Burrell: We've been offering Voice over IP services for four years now. We've actually seen it move from early adopter phase to early majority phase, especially among our multi-national customers. By moving to VoIP, customers gain two main things: Visibility and control, and cost savings.
Historically, voice [service] decisions are often made locally or nationally. In a larger country, that doesn't present many problems. But in some countries where the [voice] infrastructure is still emerging, it's harder to see things like who's using the service, and if there's any toll fraud occuring. Using VoIP gives you much better visibility and control.
Cost savings come from the ability to eliminate a separate voice access circuit, plus all the calls between corporate locations [on the IP VPN] are free. For outside calls, there is a simplified pricing scheme, since you're not dealing with different rate plans determined by where the call originates. You're only paying based on where the call terminates.

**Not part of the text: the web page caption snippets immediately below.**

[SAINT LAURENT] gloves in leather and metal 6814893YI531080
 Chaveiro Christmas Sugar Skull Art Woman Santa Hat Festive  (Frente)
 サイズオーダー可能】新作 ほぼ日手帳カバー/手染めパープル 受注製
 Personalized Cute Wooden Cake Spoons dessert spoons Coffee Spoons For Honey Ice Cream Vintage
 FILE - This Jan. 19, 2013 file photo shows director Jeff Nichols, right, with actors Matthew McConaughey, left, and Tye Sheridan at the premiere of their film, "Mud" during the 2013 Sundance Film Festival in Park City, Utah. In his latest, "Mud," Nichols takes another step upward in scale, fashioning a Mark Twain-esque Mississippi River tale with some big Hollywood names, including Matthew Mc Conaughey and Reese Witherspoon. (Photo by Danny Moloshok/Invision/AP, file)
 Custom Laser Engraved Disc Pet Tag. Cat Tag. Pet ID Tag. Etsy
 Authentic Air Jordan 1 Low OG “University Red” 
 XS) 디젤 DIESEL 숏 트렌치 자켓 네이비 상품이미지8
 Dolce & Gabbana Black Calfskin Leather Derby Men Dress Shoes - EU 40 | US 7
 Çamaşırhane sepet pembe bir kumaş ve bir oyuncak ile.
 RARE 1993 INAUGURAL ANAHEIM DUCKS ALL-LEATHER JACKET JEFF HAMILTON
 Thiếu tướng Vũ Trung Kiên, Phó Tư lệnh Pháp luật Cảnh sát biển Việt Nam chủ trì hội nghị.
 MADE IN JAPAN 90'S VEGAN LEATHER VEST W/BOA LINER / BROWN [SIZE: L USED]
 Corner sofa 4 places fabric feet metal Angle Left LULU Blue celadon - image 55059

Networking Pipeline: Some observers have called VoIP a "fad," and that it won't ever completely replace the current switched voice network. Your thoughts?
Burrell: It [voice moving to IP] is going to happen. It's a matter of when, not if. From a LAN standpoint and a PBX standpoint, the battle was over a few years ago, when the TDM manufacturers said [IP] was the path forward. All the long-distance companies are already using [VoIP] in the backbone.